If Hitler and his close aides knew the war was lost in 1942, then how did it continued till 1945?

by BiggusDoofus

I have read multiple people's opinions that the Hitler and his close aides like Goering, Goebbels, etc. knew that the war was lost in 1942 following some major loss.

How did the war continue with the intensity it did for 3 whole years after that?

Aoimoku91

I do not know how much in 1943 (more than in 1942) Hitler was aware that the war was lost and how convinced he was of his inevitable destiny to lead Germany to greatness. Certainly the prospects for complete victory had faded, but they were still convinced of an honorable draw. There were basically four reasons why they led their country to continue the struggle:

  1. Superiority: the fascist regimes were convinced that their system was inherently superior to enemy systems, that the national unity given by fascism and the superiority of their race would be sufficient to finally defeat enemies superior in men and means. Partly there was the belief that if they resisted long enough their enemies, who were more tired of war than they were, would grant them some kind of peace.

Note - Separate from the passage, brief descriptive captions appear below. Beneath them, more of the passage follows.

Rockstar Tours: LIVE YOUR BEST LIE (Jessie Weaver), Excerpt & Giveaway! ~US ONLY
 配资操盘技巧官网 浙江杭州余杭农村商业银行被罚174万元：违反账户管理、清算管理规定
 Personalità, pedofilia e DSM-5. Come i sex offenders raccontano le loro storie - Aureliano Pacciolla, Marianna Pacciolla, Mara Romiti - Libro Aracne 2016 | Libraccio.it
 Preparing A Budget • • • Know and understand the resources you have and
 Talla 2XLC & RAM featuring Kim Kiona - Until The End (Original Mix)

  2. Destiny: Prussia's history is the story of downfalls and revenge. During the last of the war years Reich propaganda obsessively recalled the "miracle of the House of Brandenburg," when during the Seven Years' War in the eighteenth century Prussia had almost lost the war and its independence and the Russians were one step away from conquering Berlin. Suddenly, Tsarina Elizabeth, fiercely anti-Prussian, died and was succeeded by Tsar Peter III who, on the contrary, was a great admirer of the Prussian King Frederick and withdrew his troops allowing Prussia to reach an honorable peace with its enemies. Similarly, the Nazis were convinced that a miracle would come to save their Germany at the last second, either through the Wunderwaffen or through a war between the Western Allies and the Soviet Union. It seemed to them to have come when Roosevelt, a great friend of the Soviets, died and was replaced by Truman who in contrast was a fierce anti-Communist. But in any case Truman hated the Nazis much more than the Soviets and carried the war through to the end.

  3. Fear: The Nazi and collaborationist countries' leadership knew they had gone too far. Too many unprovoked wars, too much looting, too many gratuitous deaths caused by their choices to hope for leniency from the victors. Hitler and the other hierarchs, German or not, knew they would not end up like Kaiser Wilhelm II, who died peacefully in exile. Once they surrendered, they would all be killed, as indeed they were. In order to gain a few more months of life, they were ready to sacrifice millions of their countrymen.

  4. Extermination: the main goal of Nazism, the one to which everything else could be sacrificed, was the extermination of the Jews. Nazism was a genocidal cult, and in fact the decision to proceed with the gas chambers came in 1942, by which time it was clear that the war was not going to be won any time soon and bizarre plans such as deporting them to Madagascar (where they would be left to starve, let us be clear) became impossible. Every day that Nazi Germany was still standing was one more day in which the Jews of Europe could be killed. If it was necessary to make the Germans extinct one day after killing the last Jew, the Nazis would have been ready to do so. Evidence of this genocidal obsession of the Nazis is plentiful: for example, the many times when trains loaded with soldiers and ammunition were left standing at stations, when the front needed them badly, in order to pass trains of deported Jews to the death camps. Or when Himmler in 1945 pretended to negotiate with Jewish-English agents the liberation of the surviving Jews in exchange for his personal salvation, when he knew full well that those same Jews were being exterminated in the so-called death marches (taken out of the camp and forced to march westward dressed in rags in the Polish winter) and thus destroying the only thing that could save his life.